How to dereference a Blob?

You could use HTTP directly with the espidf module. It’s more efficient because everything is implemented in C (with a Micropython API).
While only HTTP client is currently supported, I believe it should be pretty easy to add HTTP server.
HTTP/2 is also supported (but not documented yet).

Another option is to avoid communicating with the web client directly.
Instead, the device could interact with some service on a remote server with TCP socket (or UDP or any other way), and the service would push the data to the web client.

For preservation I’ve added the screenshot feature to https://github.com/harbaum/LittleBlockly

i need to figure out where that APi is and how it works.

Nah … that requires some seperate service which noone will maintain and in a few months the devices stop working.

Although Websocket and similar might be a little heavy for my simple mpy webserver as this requires ssl/md5 and such. I think using the builtin web server may the way to go.
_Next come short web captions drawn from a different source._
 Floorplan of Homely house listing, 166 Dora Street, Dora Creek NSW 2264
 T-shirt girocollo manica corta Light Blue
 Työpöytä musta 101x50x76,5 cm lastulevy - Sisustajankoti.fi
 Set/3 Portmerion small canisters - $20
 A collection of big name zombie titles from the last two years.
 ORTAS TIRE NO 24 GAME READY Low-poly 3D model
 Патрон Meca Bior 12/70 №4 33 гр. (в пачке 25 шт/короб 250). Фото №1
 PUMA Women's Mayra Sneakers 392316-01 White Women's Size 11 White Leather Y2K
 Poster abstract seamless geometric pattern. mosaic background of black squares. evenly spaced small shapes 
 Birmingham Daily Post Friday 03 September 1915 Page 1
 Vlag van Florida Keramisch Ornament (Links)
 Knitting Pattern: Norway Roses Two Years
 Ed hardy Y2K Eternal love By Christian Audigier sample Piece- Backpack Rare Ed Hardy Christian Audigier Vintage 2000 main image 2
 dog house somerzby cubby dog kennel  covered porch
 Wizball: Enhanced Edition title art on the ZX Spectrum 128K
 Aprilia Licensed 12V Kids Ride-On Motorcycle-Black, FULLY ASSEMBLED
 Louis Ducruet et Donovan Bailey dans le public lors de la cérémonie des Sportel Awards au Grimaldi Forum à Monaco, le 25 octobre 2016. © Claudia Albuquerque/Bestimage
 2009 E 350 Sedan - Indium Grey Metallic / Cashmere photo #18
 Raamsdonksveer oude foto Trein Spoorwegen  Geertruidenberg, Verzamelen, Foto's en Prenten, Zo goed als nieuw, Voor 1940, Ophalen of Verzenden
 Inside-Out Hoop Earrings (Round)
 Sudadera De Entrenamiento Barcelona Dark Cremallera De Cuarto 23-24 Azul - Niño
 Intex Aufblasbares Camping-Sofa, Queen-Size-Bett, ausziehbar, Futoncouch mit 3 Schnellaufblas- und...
I fixed the problem on the latest version so the workaround is no longer needed.
Now this should work:

def my_flush(drv, area, buf):
    print('Update %d bytes' % area.get_size())
    global orig_flush
    orig_flush(drv, area, buf)

drv = lv.disp_get_default().driver
orig_flush = drv.flush_cb
drv.flush_cb = my_flush

It’s useful if we want a platform-agnostic “print-screen”, it should work now with any display driver.

Does MicroPython offer a way to generate image files (PNG, etc.)?

We are using the binding script to generate Micropython API for the lodepng library which provides encoding/decoding functions for PNG.
Currently I removed the encoding part to save some program RAM since we are mostly decoding PNG files, but it’s very easy to add it back if we ever want to.

The question is what further path the image takes. If you want it to become a PNG you likely want to export it from the target device. And there are two main paths: SD card and web browser.

In case of the webbrowser there’s imho no reason to do the png encoding on the target device. Instead you can download the raw image like i do now and then use javascript on browser sideo to convert to png like explained at https://stackoverflow.com/questions/923885/capture-html-canvas-as-gif-jpg-png-pdf.

If you download to SD card, then yes, a easy to use image format may be useful if you don’t want to run conversion tools on the PC. But maybe it’s easier to use a potential uncompressed format like tga.

I tried something similar. After reading the first line with the GET request I simply stopped reading/parsing further header fields and just served the page immediately. Interestingly the browsers don’t like that. If you close the connection after sending the reply and before they had a chance to send all their data they complain.

Interesting. What if you let it send the remaining data but ignored it? Or does that slow things down to the point where it doesn’t help?